Deep guide · India
Lumpsum calculator — one-time investment growth
Deploy ₹14,00,000 once at 13% a year for 19 years, and this illustration lands near ₹1,42,76,392 — about ₹1,28,76,392 in growth on top of principal. Weigh that against drip-feeding the same capacity through monthly SIPs when you think about timing risk.
A lumpsum puts every rupee to work from day one — strong when you accept today’s entry level and can stay long; harder when you prefer to average in. The math here uses one annual compounding step for clarity; it is not a scheme document.
What follows: your baseline, tenure and principal grids, return sensitivity, and a SIP contrast. Market-linked funds do not promise the assumed rate.
How this lumpsum growth model works
We apply the stated annual return once per year to the running balance — a simple compounding loop that separates principal, accumulated interest, and maturity. Real mutual funds mark to market daily; this model smooths returns into one annual step so you can compare scenarios quickly.
Calculation breakdown
- Principal: ₹14,00,000
- Estimated interest: ₹1,28,76,392
- Estimated maturity: ₹1,42,76,392
Scenario comparison
Different tenures
| Years | Interest | Maturity |
|---|---|---|
| 5 | ₹11,79,409 | ₹25,79,409 |
| 10 | ₹33,52,394 | ₹47,52,394 |
| 15 | ₹73,55,979 | ₹87,55,979 |
| 20 | ₹1,47,32,323 | ₹1,61,32,323 |
Different principal amounts (±15–25%)
| Scenario | Principal | Interest | Maturity |
|---|---|---|---|
| -25% vs base | ₹10,50,000 | ₹96,57,294 | ₹1,07,07,294 |
| -15% vs base | ₹11,90,000 | ₹1,09,44,933 | ₹1,21,34,933 |
| 15% vs base | ₹16,10,000 | ₹1,48,07,851 | ₹1,64,17,851 |
| 25% vs base | ₹17,50,000 | ₹1,60,95,490 | ₹1,78,45,490 |
Different return assumptions (same P and tenure)

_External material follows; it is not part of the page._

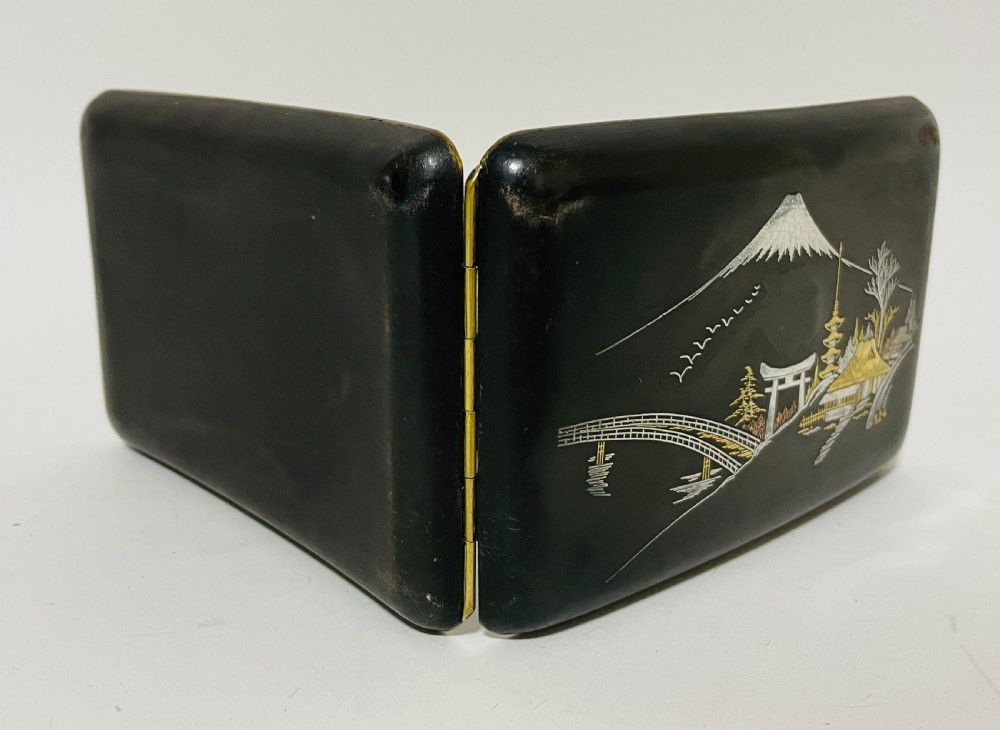 Japanese Inlaid Cigarette Case View V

| Scenario | Rate | Interest | Maturity |
|---|---|---|---|
| -25% vs base | 9.8% | ₹68,71,276 | ₹82,71,276 |
| -15% vs base | 11% | ₹87,68,681 | ₹1,01,68,681 |
| Base rate | 13% | ₹1,28,76,392 | ₹1,42,76,392 |
| 15% vs base | 15% | ₹1,85,24,480 | ₹1,99,24,480 |
| 25% vs base | 16.3% | ₹2,32,68,493 | ₹2,46,68,493 |
Comparison: lumpsum vs SIP (illustrative)
For perspective, an illustrative SIP of ₹6,140 per month at 12% for 19 years could land near ₹53,74,498 — different risk/return path than a one-time lumpsum; not a recommendation.
Lumpsum vs SIP is not a moral choice — it is a cash-flow and risk trade-off. If you already hold a large corpus, lumpsum deployment may be appropriate; if you are early in your career, SIPs can enforce discipline. Use both calculators on EasyCal to stress-test assumptions.
Frequently asked questions
- What is the future value of ₹14,00,000 at 13% for 19 years?
- Under annual compounding (illustrative), maturity is about ₹1,42,76,392 with interest near ₹1,28,76,392. Actual mutual fund lumpsum returns are not guaranteed.
- Lumpsum vs SIP — which is better?
- Lumpsum deploys capital immediately; SIP spreads entries over time. Risk/return profiles differ — use both calculators for perspective.
- Is this mutual fund lumpsum calculator India specific?
- It uses rupee amounts and common search intent for Indian investors; returns are illustrative, not a fund quote.
- Does this include tax?
- No — capital gains tax rules vary by asset and holding period.
- Can I change the return assumption?
- Yes — rerun with a lower rate for conservative planning.
- Where can I explore more scenarios?
- Use the internal links below for nearby principals, tenures, and rates.
Internal linking — related lumpsum calculator pages
Explore nearby scenarios on EasyCal — each link opens a calculator page with matching inputs (programmatic SEO).
- Lumpsum — 15 lakh · 19 years @ 13%
- Lumpsum — 16 lakh · 19 years @ 13%
- Lumpsum — 19 lakh · 19 years @ 13%
- Lumpsum — 24 lakh · 19 years @ 13%
- Lumpsum — 13 lakh · 19 years @ 13%
- Lumpsum — 12 lakh · 19 years @ 13%
- Lumpsum — 9 lakh · 19 years @ 13%
- Lumpsum — 29 lakh · 19 years @ 13%
- Lumpsum — 4 lakh · 19 years @ 13%
- Lumpsum — 14 lakh · 21 years @ 13%
Illustrative compounding only — not investment advice.